## Input records:
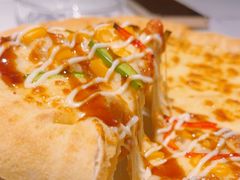 -湖滨1950牛排西餐厅(泽州路店)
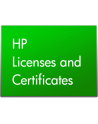 hewlett packard enterprise HPE VMware vSphere Std-EntPlus Upg 1P 3yr E-LTU - nr 1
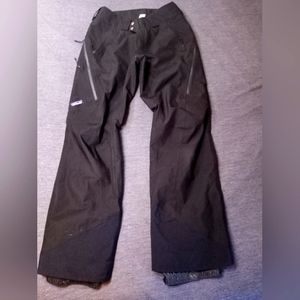 PATAGONIA Ski/Snow Pants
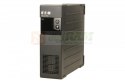 UPS Ellipse PRO 850 FR ELP850FR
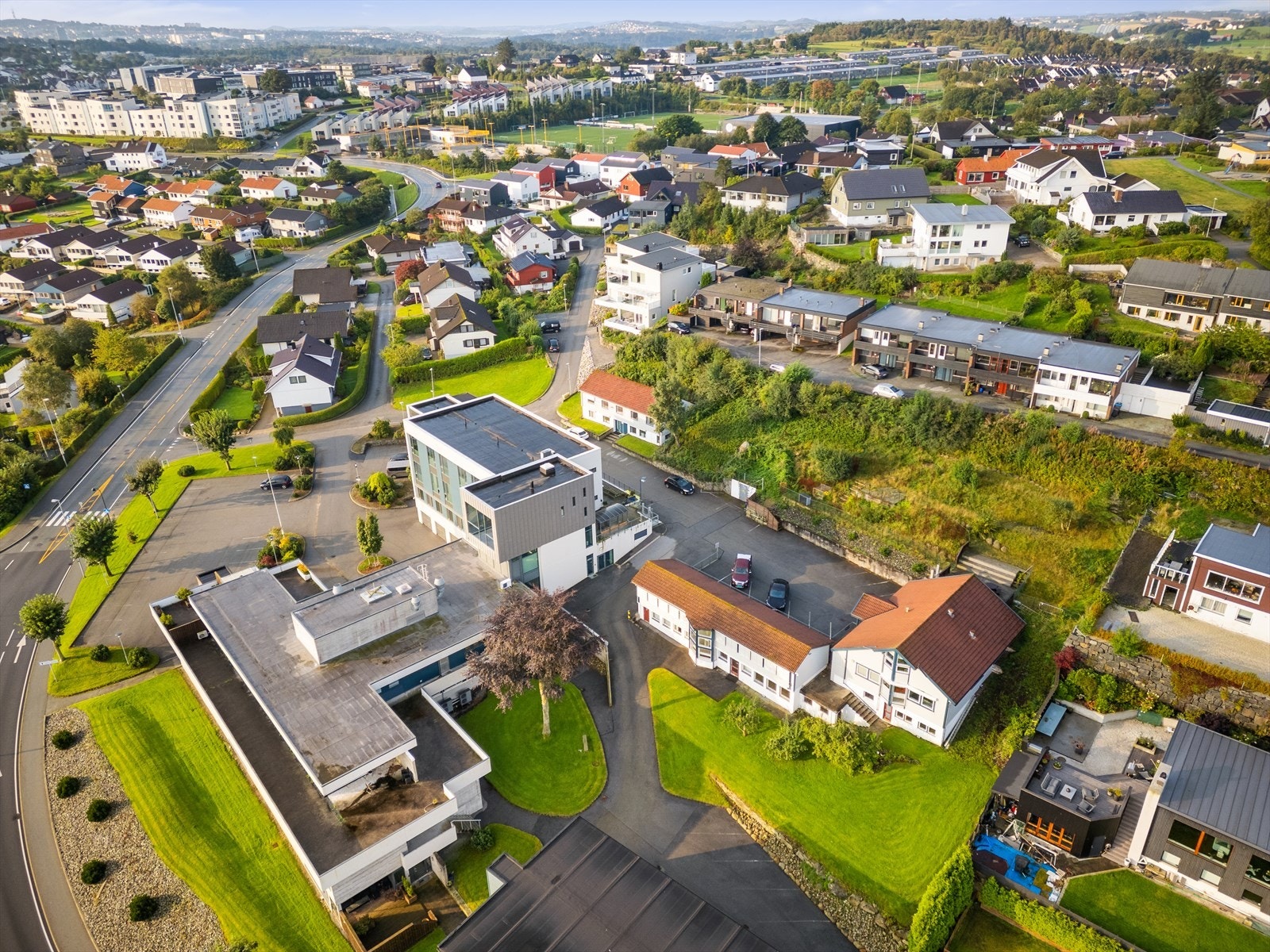 DJI_0005.jpg Galleribilde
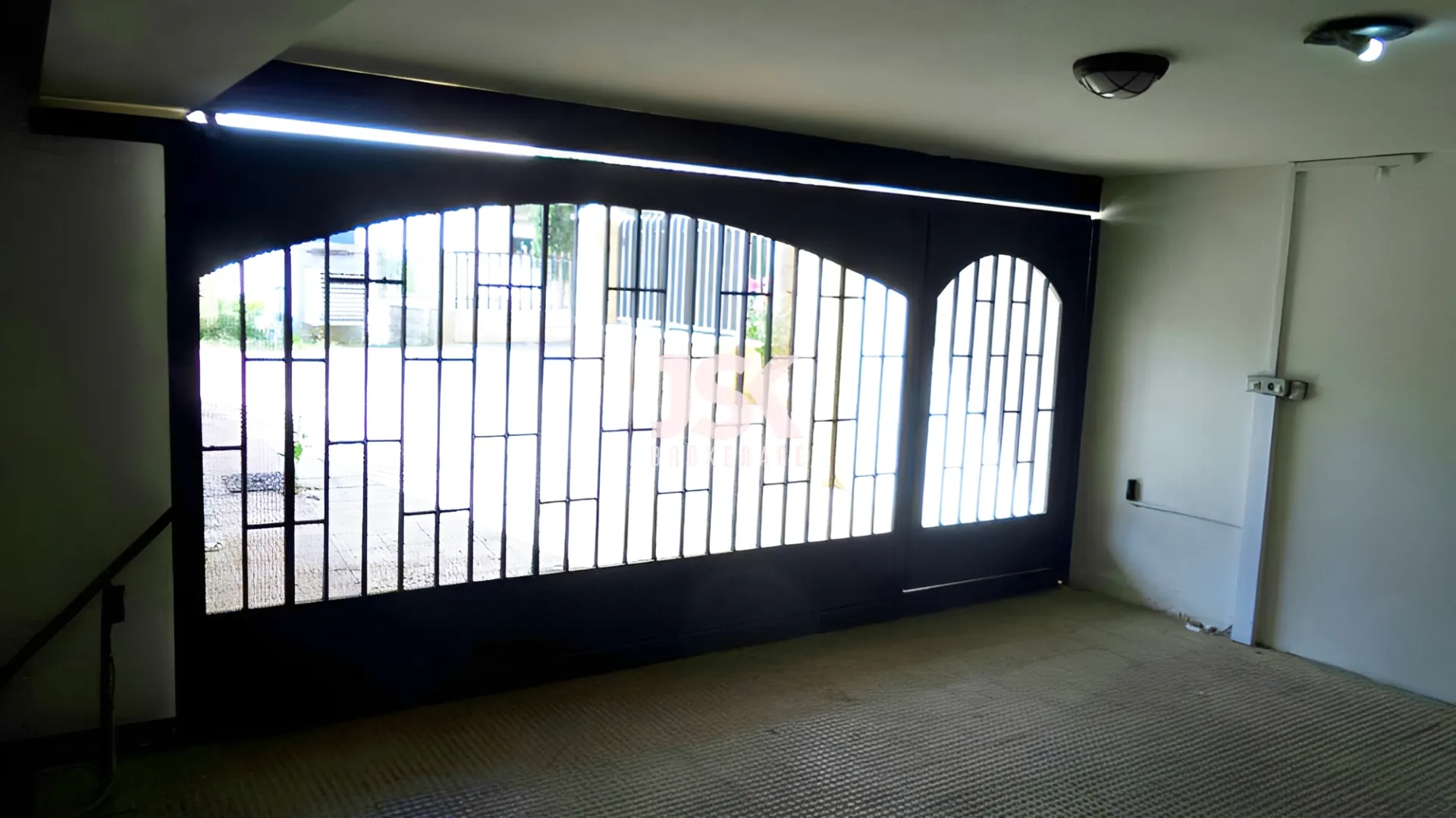 Villa for Sale in Ain Saadeh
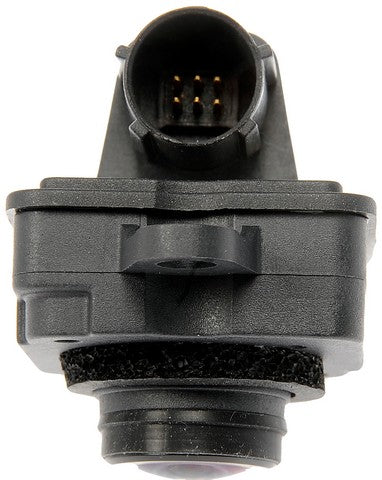 Park Assist Camera Dorman-OE Solutions 592-055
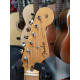 Fender Classic 50s Stratocaster 2004 Fiesta Red - SOLD!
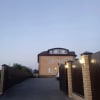 https://cdn-ostrovok-ru-ion.test.edgekey.net/t/100x100/hotel_review/03/a0/03a06b880cebc37596c76453c2cd546853d8579e.JPEG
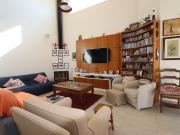 Casa de Condomínio para venda e aluguel em Cidade Santos...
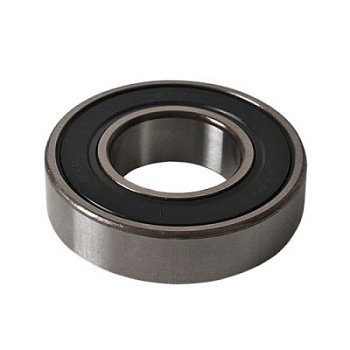 Підшипник Makita 6202 DDW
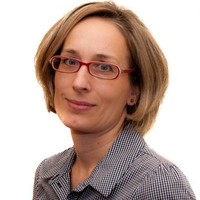 Katalin Dutkay-Bánhegyi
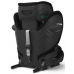 Автокрісло Cybex Pallas G i-Size Deep Black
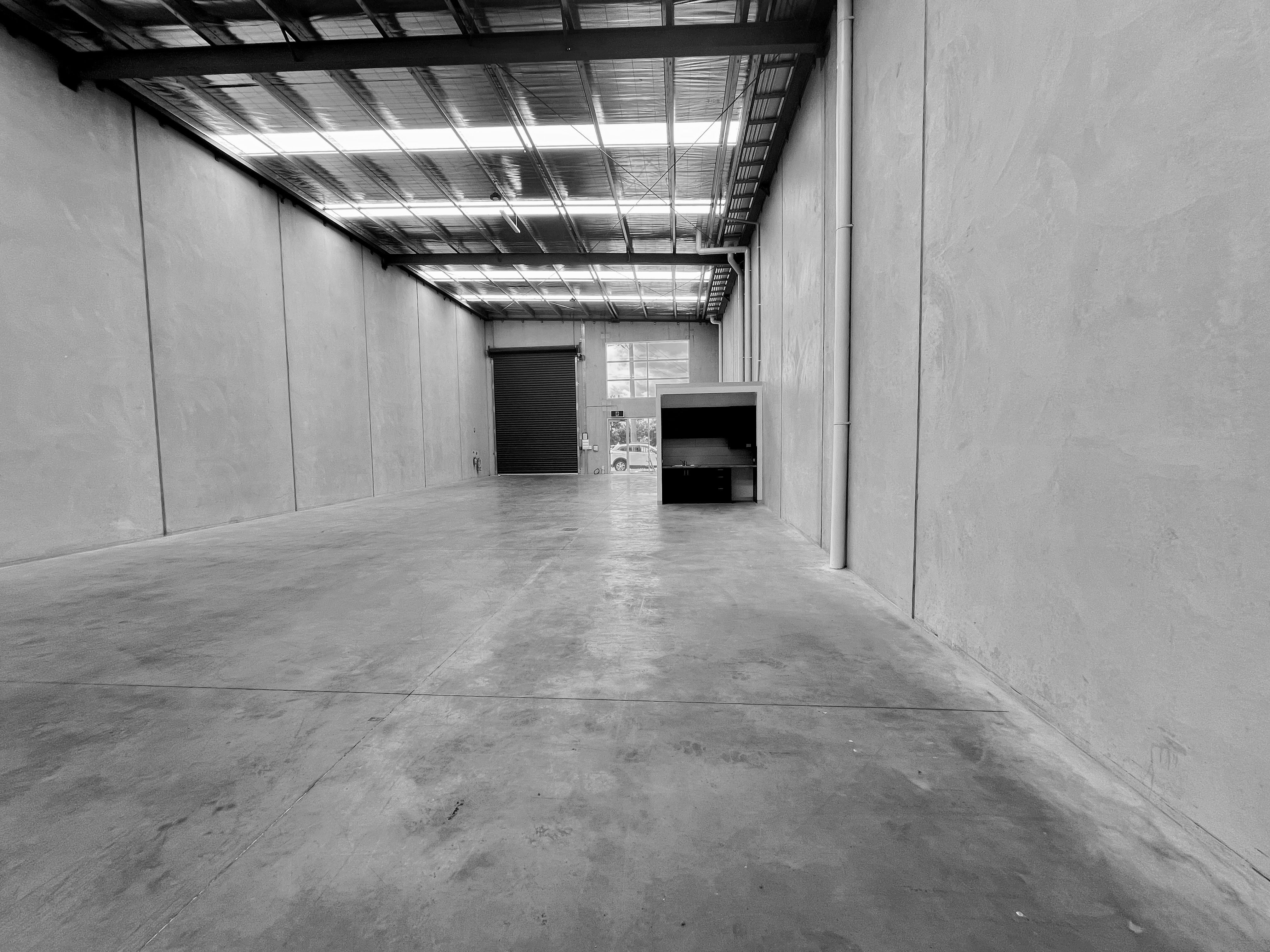 1/11 Masterson Court, Warragul, VIC 3820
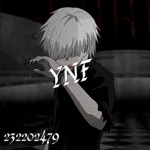 YNF'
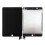 iPad Mini 5 2019 Display Schwarz 1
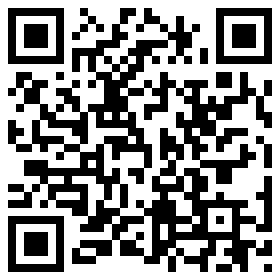 qrcode für Nobile 5011149911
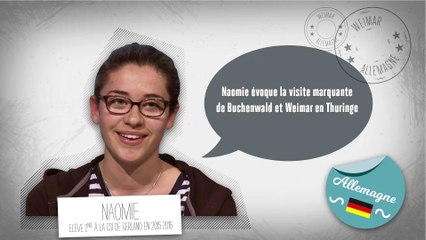 Naomie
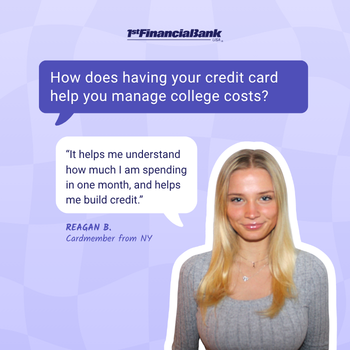 2026 April Cardmember testimonial w pics (350 x 350 px)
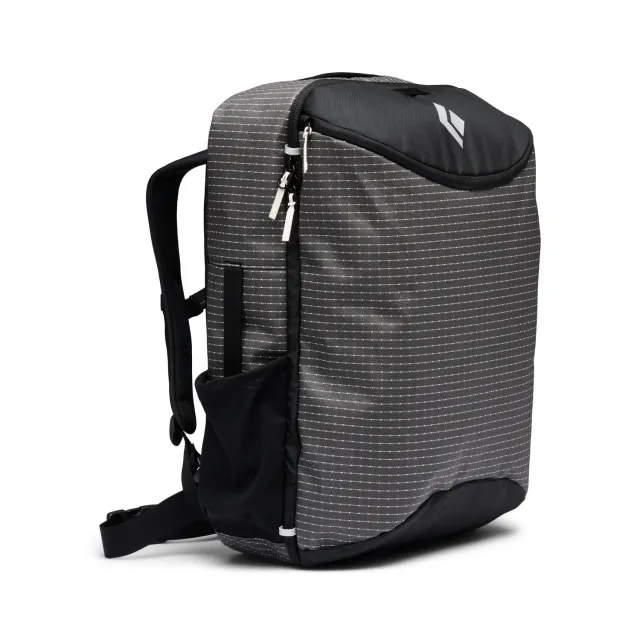 Black Diamond Stonehauler 40L sac de voyage à dos 40 L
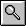 images\zoomtool.gif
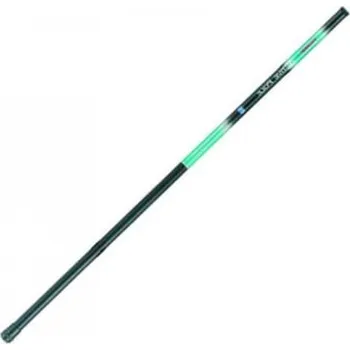 Rybářský prut Mivardi Active Pole délka: 3 m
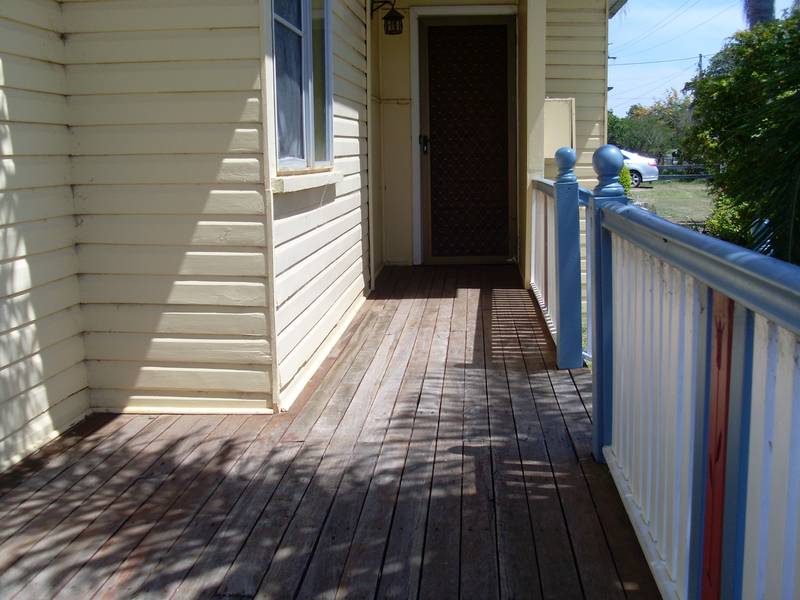 DRASTIC REDUCTION - SERIOUS VENDOR Picture 3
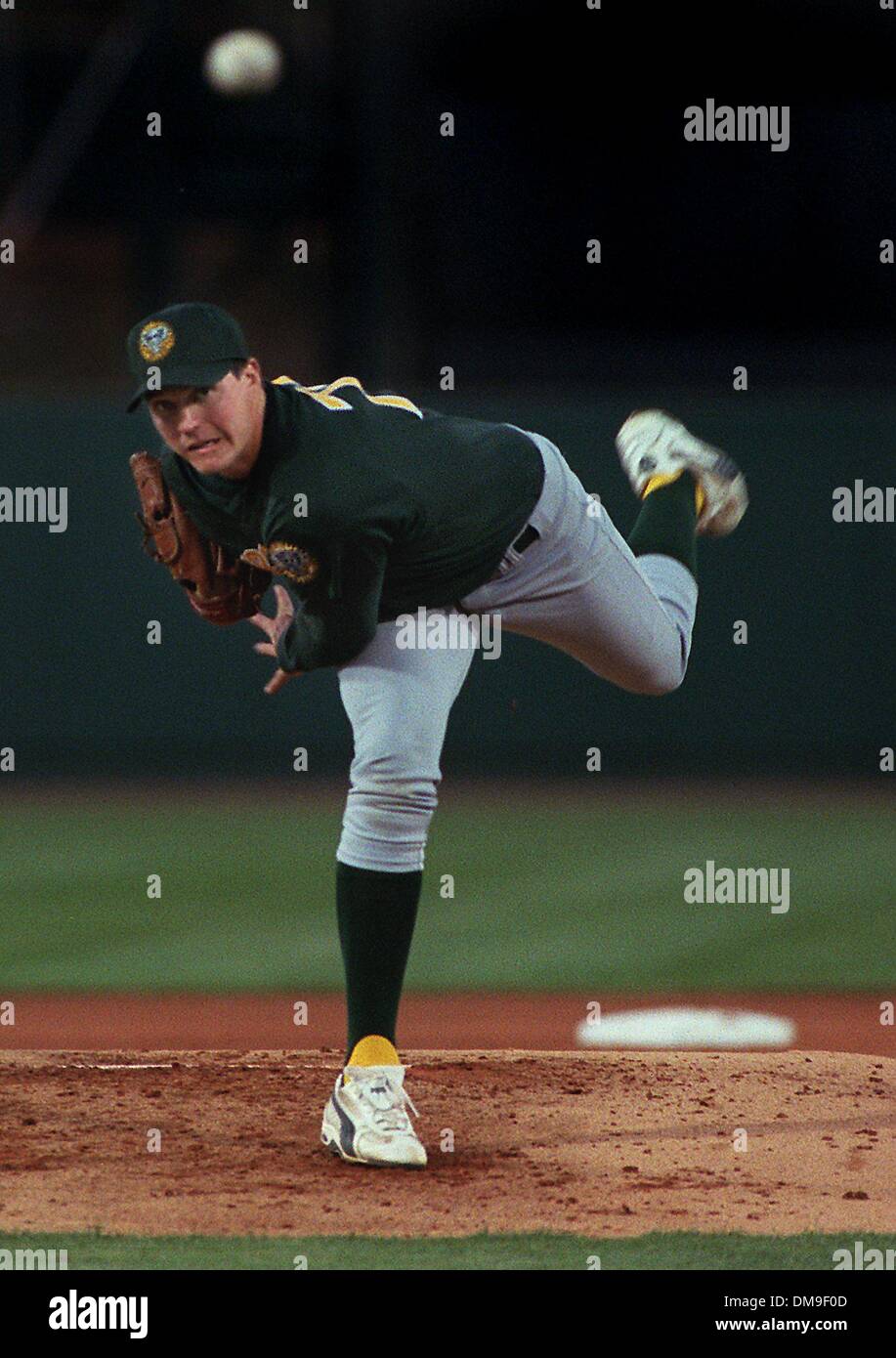 barry zito a's jersey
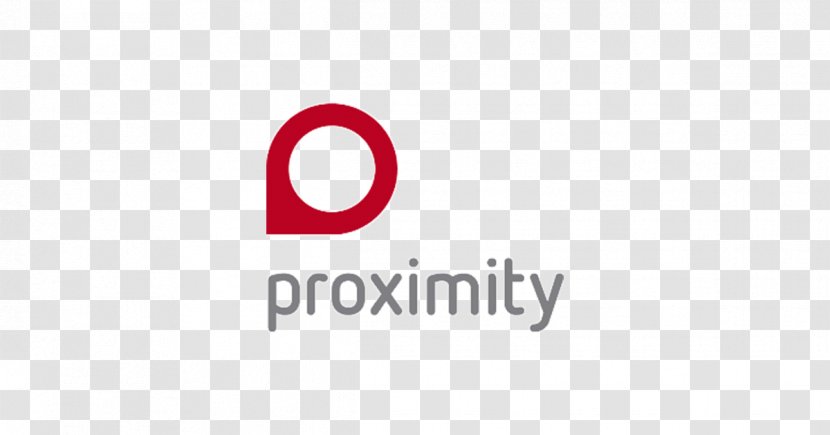 Proximity Designs Business Logo Job Transparent PNG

## Work item:
Each line from the one containing "Автокрісло Cybex Pallas G i-Size Deep Black" to the final line of the data must be printed exactly, both included, with nothing else and no pictures.

## Response for this exercise:
 Автокрісло Cybex Pallas G i-Size Deep Black
 1/11 Masterson Court, Warragul, VIC 3820
 YNF'
 iPad Mini 5 2019 Display Schwarz 1
 qrcode für Nobile 5011149911
 Naomie
 2026 April Cardmember testimonial w pics (350 x 350 px)
 Black Diamond Stonehauler 40L sac de voyage à dos 40 L
 images\zoomtool.gif
 Rybářský prut Mivardi Active Pole délka: 3 m
 DRASTIC REDUCTION - SERIOUS VENDOR Picture 3
 barry zito a's jersey
 Proximity Designs Business Logo Job Transparent PNG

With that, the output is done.